[Excerpts from a dataset]
────

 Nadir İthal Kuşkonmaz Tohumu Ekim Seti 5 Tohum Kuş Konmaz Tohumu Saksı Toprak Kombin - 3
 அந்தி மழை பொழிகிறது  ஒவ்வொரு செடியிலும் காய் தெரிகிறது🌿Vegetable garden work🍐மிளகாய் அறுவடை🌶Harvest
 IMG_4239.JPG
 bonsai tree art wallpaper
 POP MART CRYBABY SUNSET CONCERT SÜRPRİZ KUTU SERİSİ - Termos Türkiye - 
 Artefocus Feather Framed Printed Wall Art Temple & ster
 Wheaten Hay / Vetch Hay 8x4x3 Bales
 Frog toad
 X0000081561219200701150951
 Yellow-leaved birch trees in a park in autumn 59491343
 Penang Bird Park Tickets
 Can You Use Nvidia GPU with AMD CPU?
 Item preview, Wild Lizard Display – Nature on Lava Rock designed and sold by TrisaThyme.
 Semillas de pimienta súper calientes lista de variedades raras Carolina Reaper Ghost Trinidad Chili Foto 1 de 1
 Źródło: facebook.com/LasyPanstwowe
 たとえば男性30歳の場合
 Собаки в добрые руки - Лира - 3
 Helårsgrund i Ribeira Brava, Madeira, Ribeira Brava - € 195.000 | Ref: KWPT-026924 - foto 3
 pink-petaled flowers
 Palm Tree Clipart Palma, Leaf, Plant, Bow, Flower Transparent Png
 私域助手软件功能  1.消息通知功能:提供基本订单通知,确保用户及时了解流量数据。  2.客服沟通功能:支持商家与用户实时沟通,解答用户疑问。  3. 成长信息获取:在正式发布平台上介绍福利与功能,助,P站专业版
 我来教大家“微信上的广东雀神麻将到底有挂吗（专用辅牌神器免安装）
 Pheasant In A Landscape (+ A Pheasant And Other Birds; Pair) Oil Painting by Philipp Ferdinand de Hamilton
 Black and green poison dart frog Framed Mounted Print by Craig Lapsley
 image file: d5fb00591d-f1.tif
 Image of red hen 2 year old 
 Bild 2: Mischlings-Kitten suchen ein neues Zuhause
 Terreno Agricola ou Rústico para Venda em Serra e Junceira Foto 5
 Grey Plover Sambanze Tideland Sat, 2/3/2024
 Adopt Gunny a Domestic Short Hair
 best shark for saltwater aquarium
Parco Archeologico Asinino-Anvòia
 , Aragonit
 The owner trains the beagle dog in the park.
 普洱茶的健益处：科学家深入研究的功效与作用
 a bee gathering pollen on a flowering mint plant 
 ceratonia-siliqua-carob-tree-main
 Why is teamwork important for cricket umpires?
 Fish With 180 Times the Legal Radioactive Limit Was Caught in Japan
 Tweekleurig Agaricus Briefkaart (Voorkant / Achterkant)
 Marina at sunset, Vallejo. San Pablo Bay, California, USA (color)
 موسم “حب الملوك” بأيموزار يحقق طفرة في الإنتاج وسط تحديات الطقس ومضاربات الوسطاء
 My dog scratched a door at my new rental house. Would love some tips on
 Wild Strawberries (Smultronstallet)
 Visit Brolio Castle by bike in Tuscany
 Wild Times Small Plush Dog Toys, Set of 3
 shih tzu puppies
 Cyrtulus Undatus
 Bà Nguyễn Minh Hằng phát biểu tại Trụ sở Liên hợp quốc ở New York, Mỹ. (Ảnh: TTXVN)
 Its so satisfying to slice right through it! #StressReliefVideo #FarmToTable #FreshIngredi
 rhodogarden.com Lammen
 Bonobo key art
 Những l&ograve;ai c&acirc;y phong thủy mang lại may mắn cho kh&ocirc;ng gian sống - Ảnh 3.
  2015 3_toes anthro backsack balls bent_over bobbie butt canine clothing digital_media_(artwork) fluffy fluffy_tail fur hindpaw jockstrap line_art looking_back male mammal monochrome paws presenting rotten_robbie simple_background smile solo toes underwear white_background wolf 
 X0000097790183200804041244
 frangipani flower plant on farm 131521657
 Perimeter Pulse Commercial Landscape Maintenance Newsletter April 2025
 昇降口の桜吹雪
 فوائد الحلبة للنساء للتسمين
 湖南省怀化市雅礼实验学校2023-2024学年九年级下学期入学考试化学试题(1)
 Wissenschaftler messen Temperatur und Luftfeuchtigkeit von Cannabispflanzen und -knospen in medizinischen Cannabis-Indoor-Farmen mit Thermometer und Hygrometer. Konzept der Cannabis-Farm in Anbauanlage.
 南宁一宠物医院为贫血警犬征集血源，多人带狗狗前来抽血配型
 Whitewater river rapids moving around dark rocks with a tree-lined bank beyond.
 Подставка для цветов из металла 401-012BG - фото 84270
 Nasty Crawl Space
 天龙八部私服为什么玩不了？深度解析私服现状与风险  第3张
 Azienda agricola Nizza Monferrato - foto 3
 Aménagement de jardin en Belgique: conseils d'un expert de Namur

────

**Task instructions:** Which lines of the data include the string "Landscape"? Find them and copy each one.

**Task result:**
 Pheasant In A Landscape (+ A Pheasant And Other Birds; Pair) Oil Painting by Philipp Ferdinand de Hamilton
 Perimeter Pulse Commercial Landscape Maintenance Newsletter April 2025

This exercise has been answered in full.